Module: Language — natural language processing primitives.

Word and Sentence Extraction

Verb Signature Description
creates words(text String) List<String> Extract individual words from text
creates sentences(text String) List<String> Split text into sentences

Stemming

Verb Signature Description
derives stem(word String) String Apply the Porter stemming algorithm
derives root(word String) String Strip common suffixes to find the root form

String Similarity

Verb Signature Description
creates distance(first String, second String) Integer Levenshtein edit distance between two strings
creates similarity(first String, second String) Float Normalized similarity (0.0 to 1.0)

Phonetic Codes

Verb Signature Description
derives soundex(word String) String Soundex phonetic code
derives metaphone(word String) String Double Metaphone phonetic code

N-Grams

Verb Signature Description
creates ngrams(text String, size Integer) List<String> Word-level n-grams
creates bigrams(text String) List<String> Word-level bigrams

Text Normalization

Verb Signature Description
derives normalize(text String) String Lowercase and fold accented characters to ASCII
derives transliterate(text String) String Transliterate accented characters to ASCII preserving case

Stopwords and Frequency

Verb Signature Description
derives stopwords() List<String> Common English stopwords
creates without_stopwords(text String) List<String> Remove stopwords, return remaining words
creates frequency(text String) Table<Value> Word frequency counts (keys are words, values are counts)
creates keywords(text String, count Integer) List<String> Top N most frequent words

Token Accessors

Access properties of Token values produced by Parse.tokens(). Extract token text via Types.string(token).
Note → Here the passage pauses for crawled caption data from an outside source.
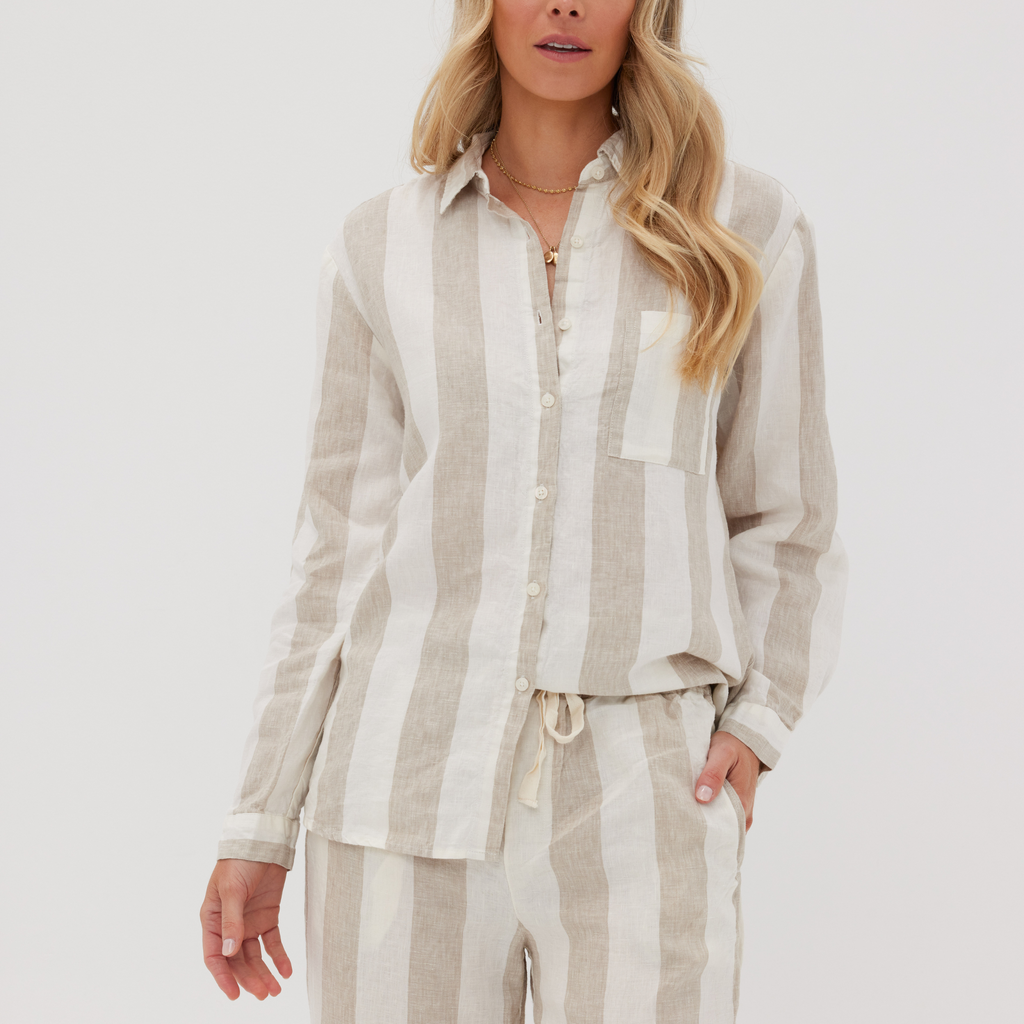 Striped Linen Shirt Womens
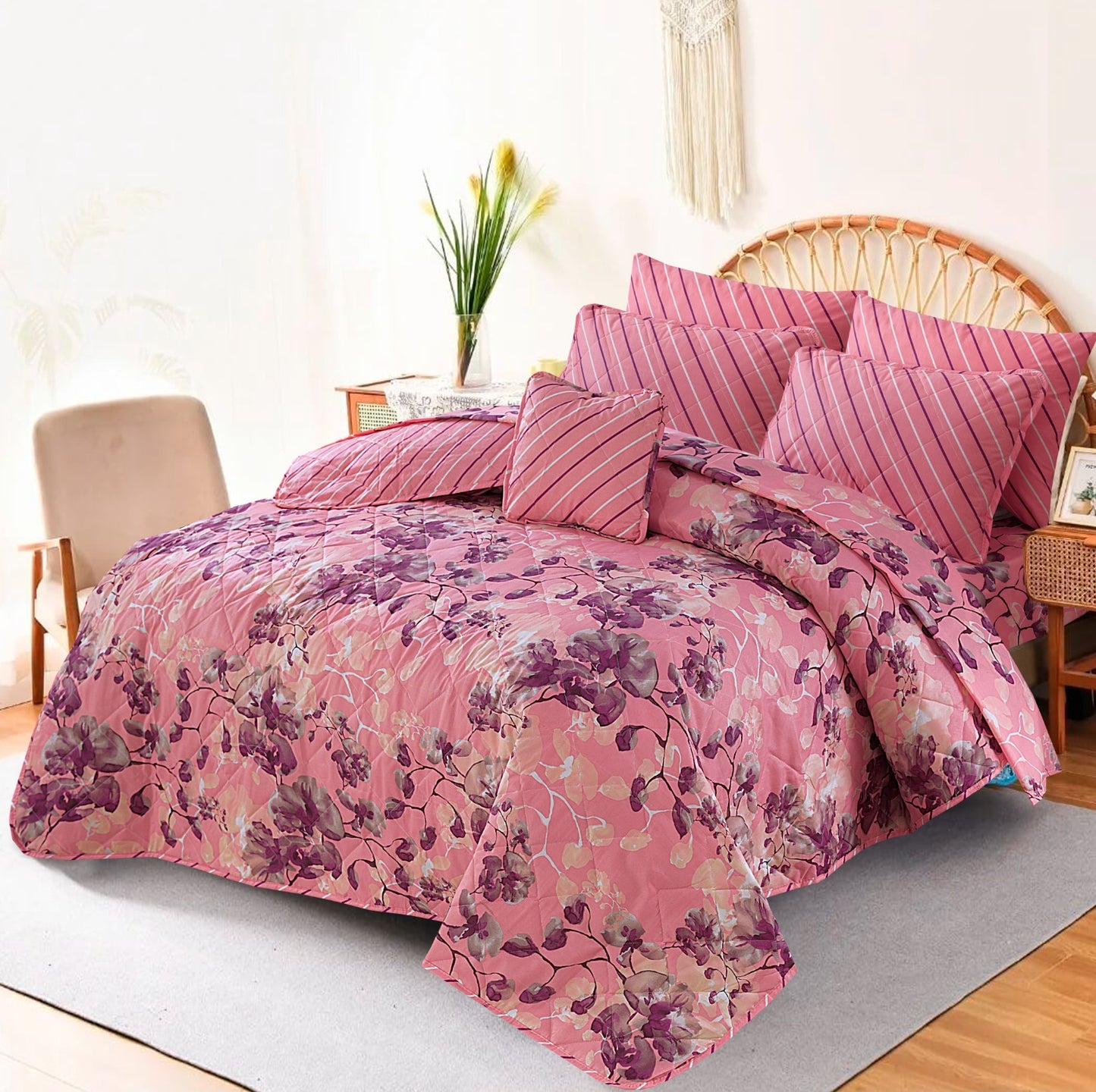 7 Pcs Comforter Set King Size Design KCC 68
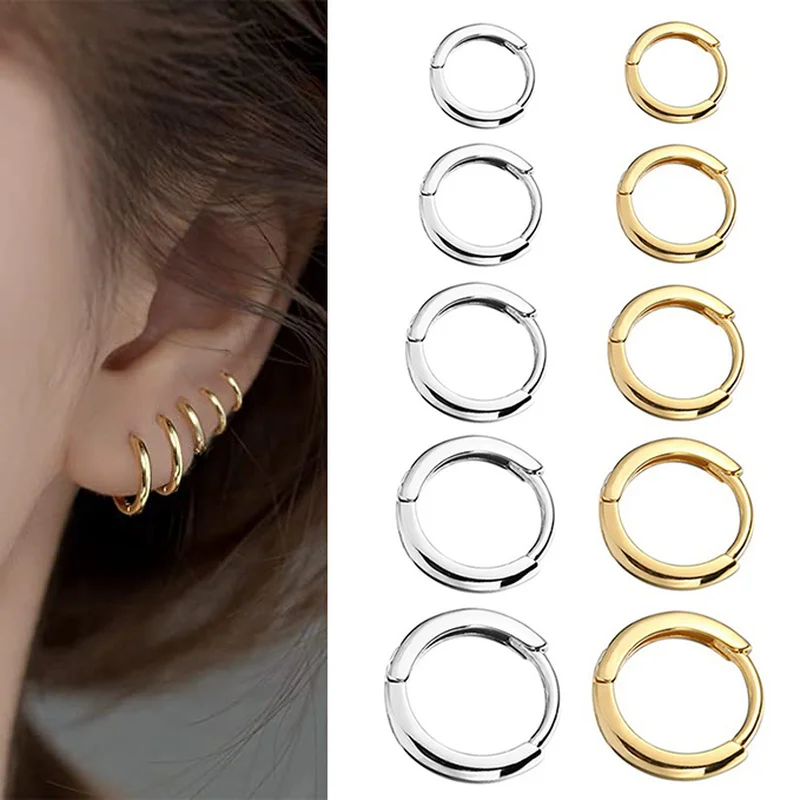 

2022 New Simple Stainless Steel Gold Small Hoop Earrings for Women Men Cartilage Ear Piercing Jewelry Pendientes Hombre Mujer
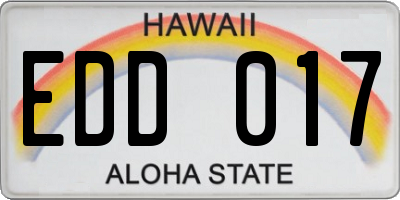 HI license plate EDD017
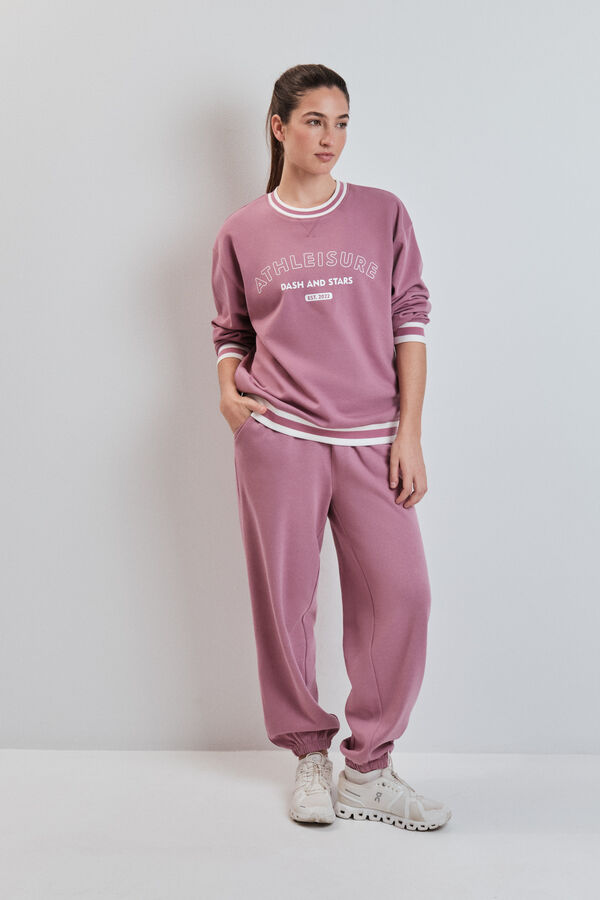 Dash and Stars Sweat-shirt college en molleton rose rose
Verb Signature Description
creates start(token Token) Integer Start position in source
creates end(token Token) Integer End position in source
creates kind(token Token) Integer Kind tag (from the matched rule)
  Language creates words distance similarity keywords start end kind derives stem normalize
  Parse types Token

derives find_similar(query String, candidates List<String>) List<String>
from
    filter(candidates, |c| Language.similarity(query, c) > 0.8f)